Spanish—it was clearly Spanish they were speaking. Jack had the curious thought that he preferred to be killed in English. He knew he was soaked in blood, from the back of his head and face. Still, he had gathered himself for another assault on his attackers when he was suddenly propelled forward by the man holding him. He looked up in time to see the other's sword swing in a vicious backhanded arc and lodge in his side. The man looked him in the eye as he followed through, drawing the sword backward in a long cutting motion. Jack felt himself spin with the retreating blade and felt another man's boot kick him squarely in the back. The water-filled ditch rose to meet him and he blacked out.
When he came to he knew only seconds could have passed, since the men were still talking about him. The man on the horse argued that his friends should at least cut Jack's throat if they wouldn't bring back his balls. Jack knew he was moments from death anyway and hoped it would happen before the screamer had his way. The others told their associate to shut up and bear his pain like a man; they didn't need to crawl in a ditch to cut the throat of a pig they had just gutted. “Let him water the soil with his blood. Let him die slowly.”
No! Wait, goddamn it! My life . . . it's just starting, this can't be my time to die. And these mustachioed, pinch-faced bastards . . . Who's going to avenge? . . . no, this can't be right.
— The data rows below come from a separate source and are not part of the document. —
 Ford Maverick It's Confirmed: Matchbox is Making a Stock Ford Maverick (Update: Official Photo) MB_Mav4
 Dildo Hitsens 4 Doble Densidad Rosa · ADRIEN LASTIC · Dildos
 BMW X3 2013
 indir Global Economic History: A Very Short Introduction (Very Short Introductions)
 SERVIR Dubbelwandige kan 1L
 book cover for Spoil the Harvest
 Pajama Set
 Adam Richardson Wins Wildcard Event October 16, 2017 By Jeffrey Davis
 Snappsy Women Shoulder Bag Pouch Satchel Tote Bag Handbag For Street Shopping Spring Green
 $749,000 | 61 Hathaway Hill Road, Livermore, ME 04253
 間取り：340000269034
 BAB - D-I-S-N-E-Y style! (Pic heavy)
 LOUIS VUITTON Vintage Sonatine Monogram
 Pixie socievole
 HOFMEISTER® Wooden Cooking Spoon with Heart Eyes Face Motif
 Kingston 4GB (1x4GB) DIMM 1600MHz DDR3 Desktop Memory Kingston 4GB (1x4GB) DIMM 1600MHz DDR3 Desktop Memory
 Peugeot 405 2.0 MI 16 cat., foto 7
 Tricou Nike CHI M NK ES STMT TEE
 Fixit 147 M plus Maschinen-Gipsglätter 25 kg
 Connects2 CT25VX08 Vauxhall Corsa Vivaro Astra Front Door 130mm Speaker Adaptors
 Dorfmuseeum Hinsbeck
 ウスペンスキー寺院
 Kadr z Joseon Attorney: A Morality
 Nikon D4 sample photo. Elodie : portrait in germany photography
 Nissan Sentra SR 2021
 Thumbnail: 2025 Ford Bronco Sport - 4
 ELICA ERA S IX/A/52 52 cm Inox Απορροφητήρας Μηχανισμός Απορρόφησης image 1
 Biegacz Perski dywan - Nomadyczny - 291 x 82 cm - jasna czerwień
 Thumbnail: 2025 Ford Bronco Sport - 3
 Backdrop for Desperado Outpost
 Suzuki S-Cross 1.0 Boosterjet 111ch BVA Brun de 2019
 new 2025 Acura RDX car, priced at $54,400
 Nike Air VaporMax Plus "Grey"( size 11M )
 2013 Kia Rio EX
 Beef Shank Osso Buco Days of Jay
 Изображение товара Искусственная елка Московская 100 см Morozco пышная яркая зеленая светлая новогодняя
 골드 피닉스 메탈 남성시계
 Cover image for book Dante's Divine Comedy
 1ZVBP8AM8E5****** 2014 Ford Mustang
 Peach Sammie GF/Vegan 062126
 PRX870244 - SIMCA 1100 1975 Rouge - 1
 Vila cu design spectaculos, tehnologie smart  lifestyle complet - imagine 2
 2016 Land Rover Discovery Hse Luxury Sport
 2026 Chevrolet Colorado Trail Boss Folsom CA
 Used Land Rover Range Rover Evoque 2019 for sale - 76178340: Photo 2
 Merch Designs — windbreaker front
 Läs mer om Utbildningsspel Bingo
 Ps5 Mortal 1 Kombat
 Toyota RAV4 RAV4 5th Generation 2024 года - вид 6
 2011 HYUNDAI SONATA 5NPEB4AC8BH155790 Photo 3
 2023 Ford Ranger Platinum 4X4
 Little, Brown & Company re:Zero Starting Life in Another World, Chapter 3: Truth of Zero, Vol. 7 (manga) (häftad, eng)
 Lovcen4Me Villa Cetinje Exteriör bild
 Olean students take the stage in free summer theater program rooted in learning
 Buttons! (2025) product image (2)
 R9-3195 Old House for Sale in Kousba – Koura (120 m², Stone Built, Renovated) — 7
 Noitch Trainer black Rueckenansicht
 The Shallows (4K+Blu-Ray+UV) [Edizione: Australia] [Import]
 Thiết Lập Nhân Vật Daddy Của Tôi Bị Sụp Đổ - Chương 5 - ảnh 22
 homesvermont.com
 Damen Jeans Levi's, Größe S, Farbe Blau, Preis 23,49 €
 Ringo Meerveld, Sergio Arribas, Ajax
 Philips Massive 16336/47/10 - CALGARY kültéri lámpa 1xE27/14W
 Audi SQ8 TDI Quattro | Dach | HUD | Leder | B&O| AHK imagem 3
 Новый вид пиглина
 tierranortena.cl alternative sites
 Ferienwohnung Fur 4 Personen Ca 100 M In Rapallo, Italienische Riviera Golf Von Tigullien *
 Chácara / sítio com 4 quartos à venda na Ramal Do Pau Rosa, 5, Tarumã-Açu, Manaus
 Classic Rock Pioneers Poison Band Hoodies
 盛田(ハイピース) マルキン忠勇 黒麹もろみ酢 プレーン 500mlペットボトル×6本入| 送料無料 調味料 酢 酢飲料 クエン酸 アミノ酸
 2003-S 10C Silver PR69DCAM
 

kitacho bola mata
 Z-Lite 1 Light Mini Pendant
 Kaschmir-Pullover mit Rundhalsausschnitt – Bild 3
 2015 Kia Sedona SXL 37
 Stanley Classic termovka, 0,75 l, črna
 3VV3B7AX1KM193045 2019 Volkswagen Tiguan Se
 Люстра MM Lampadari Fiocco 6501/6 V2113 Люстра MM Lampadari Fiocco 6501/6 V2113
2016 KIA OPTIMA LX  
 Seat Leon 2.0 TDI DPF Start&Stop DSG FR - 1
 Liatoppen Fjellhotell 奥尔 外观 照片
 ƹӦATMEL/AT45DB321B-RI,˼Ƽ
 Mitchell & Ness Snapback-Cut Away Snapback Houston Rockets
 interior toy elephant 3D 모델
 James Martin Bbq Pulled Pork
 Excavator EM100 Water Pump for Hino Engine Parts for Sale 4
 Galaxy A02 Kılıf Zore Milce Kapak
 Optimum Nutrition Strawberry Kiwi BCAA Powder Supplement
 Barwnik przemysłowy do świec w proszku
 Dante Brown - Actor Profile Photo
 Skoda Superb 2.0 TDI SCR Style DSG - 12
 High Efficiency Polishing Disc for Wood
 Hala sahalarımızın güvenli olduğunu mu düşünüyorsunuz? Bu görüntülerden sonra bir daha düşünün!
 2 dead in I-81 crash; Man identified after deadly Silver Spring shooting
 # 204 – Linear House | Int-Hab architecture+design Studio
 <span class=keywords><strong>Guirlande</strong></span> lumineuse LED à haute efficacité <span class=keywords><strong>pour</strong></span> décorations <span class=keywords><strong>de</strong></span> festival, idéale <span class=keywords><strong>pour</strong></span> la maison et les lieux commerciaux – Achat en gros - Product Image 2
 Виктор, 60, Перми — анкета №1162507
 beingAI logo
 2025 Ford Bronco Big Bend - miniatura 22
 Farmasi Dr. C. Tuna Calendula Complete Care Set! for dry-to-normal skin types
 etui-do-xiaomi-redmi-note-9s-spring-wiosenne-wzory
Jack faintly heard them move off. How long does it take to die with one's entrails in one's hands? he thought. The image of what might be happening to his mother stirred him to regain a sitting position. He looked down at the bloody mess that was his side and shivered, remembering the sound the sword had made as it sliced along his mid-section. Fiercely clutching his side, he tried to rise. Oh God! He was falling apart, wide slivers of red and white flesh were peeling off him like the pages of a book. He didn't understand—he
had been sliced only once. And then he realized that they
were
the pages of a book, and his heart rose in exaltation.
The Pilgrim's Progress
had taken the brunt of the sword.
The realization that death was less imminent than he had imagined spurred Jack on. His parents! Breathing heavily, he packed a wad of the most blood-soaked and pliable pages of the book into the deepest part of the cut on his torso. Then he wrapped his tattered shirt around his middle to hold the makeshift dressing in place. Although weakened almost to the point of immobility, he was satisfied to see the loss of blood essentially stanched. Covered with mud, he continued pursuit of the carriage, staying in the drainage ditch that hugged the side of the road.